The group’s charter network has grown from one campus in 2005 into a 16-school chain with more than 7,500 students in the city. UNO’s charters got more than $45 million from the Emanuel-run city school system to operate in the year that ended in June 2013, records show.
But UNO’s biggest single source of public financing came in 2009, when Madigan sponsored legislation that found bipartisan support for the $98 million school-construction grant. It’s believed to be the biggest government subsidy for charter schools in the country.
Madigan, Quinn, Emanuel and state Senate Republican leader Christine Radogno of Lemont attended groundbreaking and grand-opening events for the new state-funded UNO schools.

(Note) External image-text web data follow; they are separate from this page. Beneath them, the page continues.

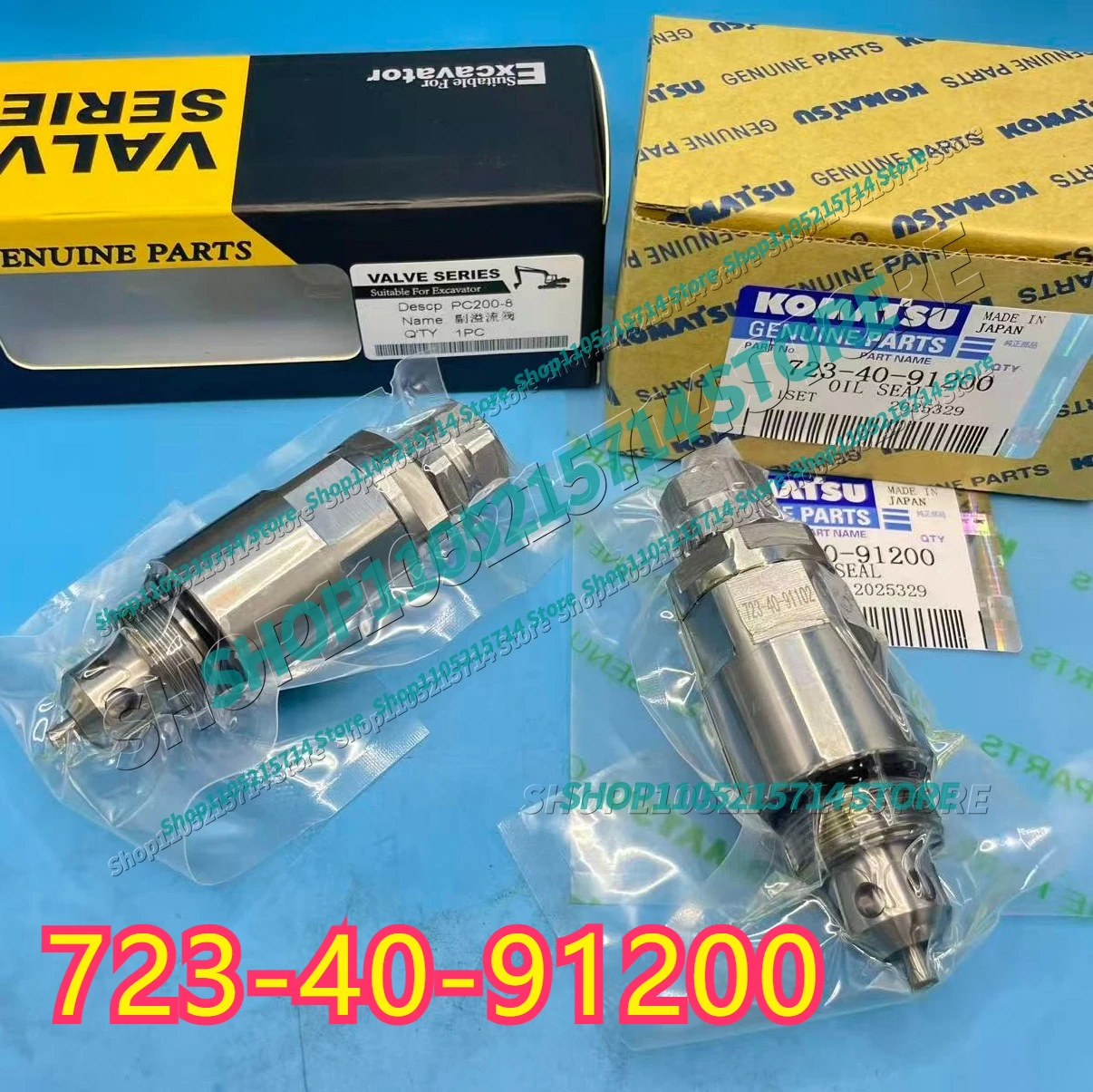 

Клапан регулировки давления масла в сборе 723-40-91200 723-40-91300 723-90-61300 для экскаваторов Komatsu PC200-7 PC200-8 PC300-8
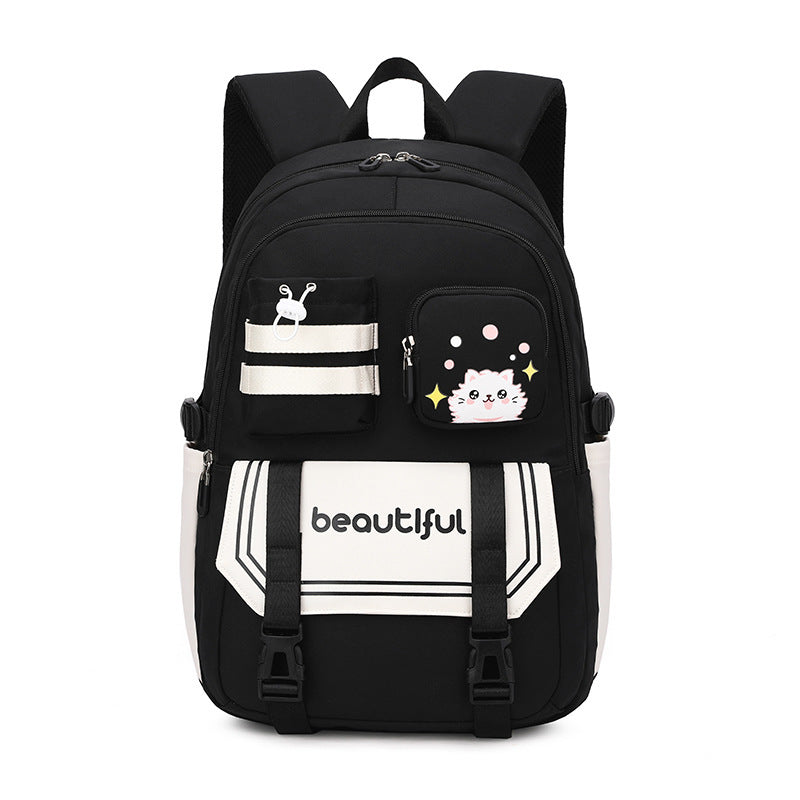 large capacity schoolbag for primary school girls cute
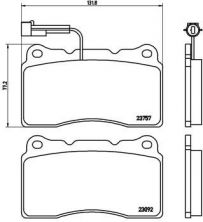 Brembo P 23 115X - Brzdové platničky -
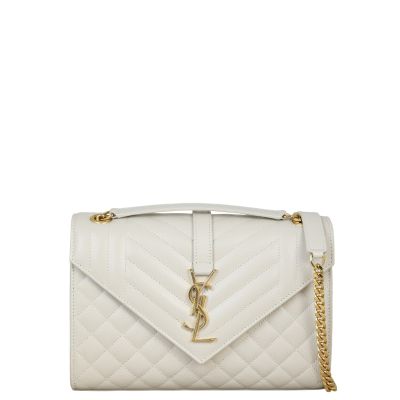 Saint Laurent Monogram Mix Matelasse Envelope Chain Bag Medium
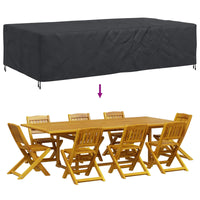 Copertura per mobili da esterno Nero 305 x 190 x 85 cm 600D 4105863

Rangel has acknowledged that he leaned on companies that did business with the charter-school network to contribute the campaigns of his political allies. A long list of organization contractors — including the two d’Escoto family companies mentioned in the SEC case — contributed to Madigan at a 2012 fund-raiser sponsored by Rangel and UNO’s Springfield lobbyist.
When UNO’s deals came under scrutiny by state officials last year, Quinn talked tough but ultimately OKed the resumption of the grant payouts. That allowed work to be finished at a Southwest Side high school that was under construction. Quinn did so at the urging of a Burke, who’s been a major campaign contributor to the governor.
Grant payments were frozen again months later, after the SEC began investigating UNO. But the governor didn’t push for UNO to repay any of the state money, though the state could have done so under terms of the grant contract.
Contractors with ties to Burke have worked on the state-funded UNO school projects, and a Burke daughter-in-law works for the organization at its headquarters in the West Loop. In 2010, Rangel helped the powerful alderman’s brother, state Rep. Daniel Burke (D-Chicago), overcome a tough primary challenge from a Hispanic rival.
Rangel and Emanuel didn’t know each other well until forming an alliance in the fall of 2010. Rangel appeared alongside Emanuel in Pilsen on the day Emanuel returned to Chicago from his stint at the White House as Obama’s chief of staff to run for mayor. Rangel then signed on as Emanuel’s mayoral campaign co-chair, despite close ties with the other main candidate to succeed Daley, former city school board president and UNO lawyer Gery Chico.